Now that we’re elbow-deep in encoding the 300 or so documents for the Greenfield Digital Project, my colleague Faith Charlton and I are spending a lot of time at the keyboard.

As I've explained in past posts, we are digitizing, transcribing, and annotating primary source documents to tell the story of Bankers Trust Company, a large Philadelphia bank that failed in December 1930. This project is part of a larger effort funded by the Albert M. Greenfield Foundation.

We've selected our documents and passed them to HSP's digital imaging team, and we are now focused on creating our XML text-encoded files.

Step one is getting the text from paper to a digital file.

One obvious method is simply to retype the text on a computer. That works great for brief documents and is essentially the only option for handwritten documents, where each author's writing must be carefully deciphered. But we have another tool in our toolbox for longer typescript and print documents: optical character recognition, or OCR.

Software programs like ABBYY FineReader or OmniPage can perform sophisticated transformations of digital images into editable text files. For a variety of reasons, I decided it didn't make sense to invest in that type of software for our project.

Instead, when we encounter longer typescript or printed documents in our project, we are using a free tool: Google Documents, or Google docs for short. You can upload .jpg, .gif, .png, or .pdf files to a private storage area, and the system will do its best to translate that digital image file into an editable text file. You can then copy and paste the text into any other software you'd like, including the software we're using for text encoding, oXygen XML Editor.

Screen shot of Google docs upload menu

The crucial check-box in the Google docs uploading process is near the bottom: "Convert text from PDF or image files to Google Docs documents."

Depending on your perspective, the Google results are either amazingly accurate or frustratingly imperfect. (I fall into the "amazingly accurate" camp.)

For example, the following four-page letter has about 1300 words total. I could type it from scratch in about 15-20 minutes; Google docs can do the same work in less than a minute.

First page of a 1927 letter from Samuel Barker to Albert Greenfield proposing creation of Bankers Securities

The first page of the digitized letter, in which Bankers Trust Co. President Samuel Barker proposed a new business venture, Bankers Securities Corp.

Here is how Google docs transcribed the first page of the letter:

June 11, 1927

Mr. Albert Pi.

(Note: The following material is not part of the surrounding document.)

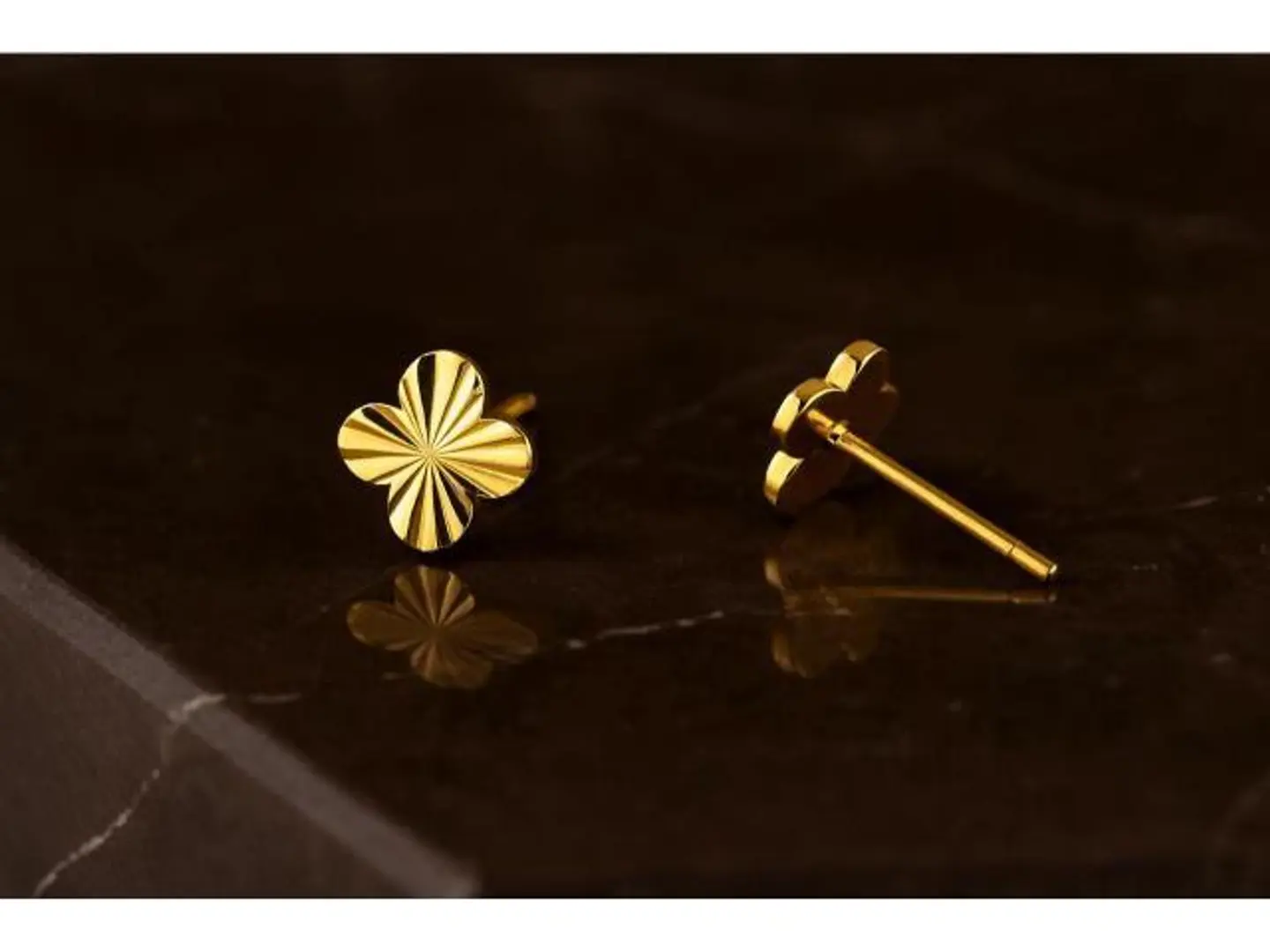 925 Gold Clover Leaf Earrings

Greenfield, Bankers Trust Building, Philadelphia.

Dear A 0

Let me give you more concretely than I did in brief conversation a few days ago my thoughts cmcerning a Bankers Securities Corporation and the much that can be accomplished through such an organization. I s11:';ll try to put the proposition, as I vision it, with the strong conviction that the time has come to act in the matter.

When I first proposed it, immediately upon organization of Bankers Trust Company you and others thought the time premature. You were right. Since then the way has cleared and been opened in many and important ways for Bankers Securities Corporation to be brought into life. There is ready for it a largely advance prepared and very profitable field, with real things at hand for it to do-—things of creative as well as money-making character. What I see is this:

1. Bankers Trust Company is now safely and surely established. Already it holds recognized position in Philadelphia. Important financial interests elsewhere, as in New York, Boston, Baltimore and Pittsburgh, are glad to do business with it. From now forward there is pretty sure promise of earnings which will give increasing net income for the stock. There are about 500 stockholders. Without support the stock is much above both issue price and book value. The premium is one measure of the belief which exists that the Company has a large future.

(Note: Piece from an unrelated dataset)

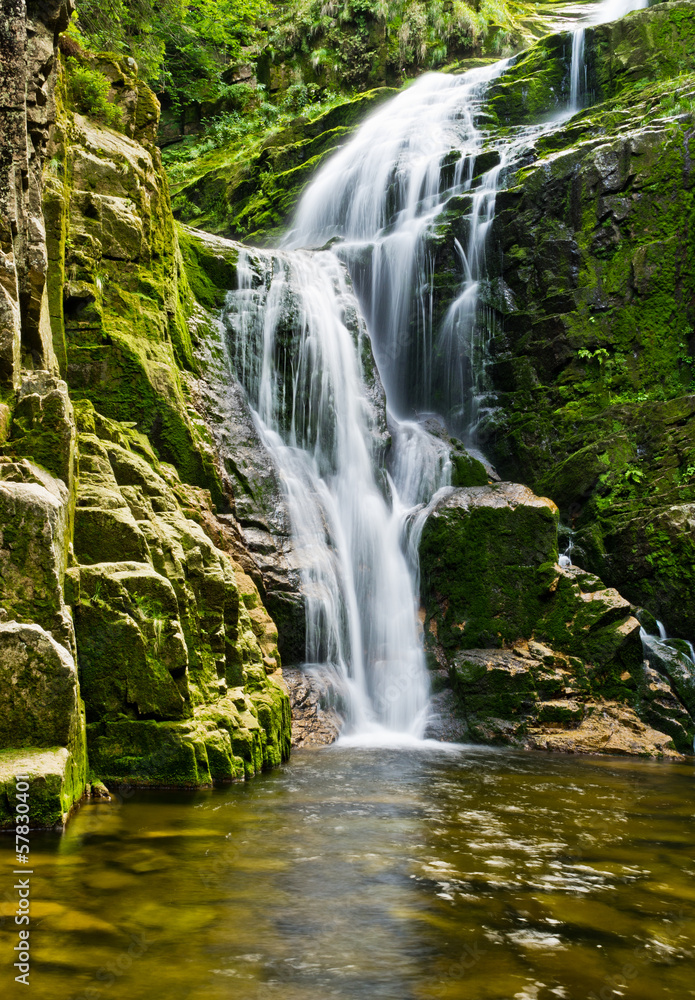 Famous Kamienczyk waterfall, Poland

2. Resources of Bankers Trust Company have more than doubled; its deposits have increased 60% in five months. Directly, some 12,000 people are banking with it. Already, with a securities department only in swaddling clothes, Bankers Trust Company has been welcomed to the table with grown-ups and taken into the inner circle by big financial groups. I fill in this picture as follows:

a. It enjoys full syndicate position with Kuhn, Loeb and Company, so getting securities which that banking house issues at bottom issue price.

If you compare the original and the transcription carefully, you'll see that Google skipped the printed letterhead at the top of the page and had problems with the recipient address, salutation, and first paragraph. But overall, it made relatively few mistakes.

Of course, both my typing and the Google docs transformation require careful proofreading. Google often skips over text that confuses it, and it seems to do worse if there are multiple styles of text on a page (like the letterhead and typescript above). It also has a hard time distinguishing between typescript 3s and 5s, among other issues. But for our purposes, these shortcomings are a fair tradeoff for the price.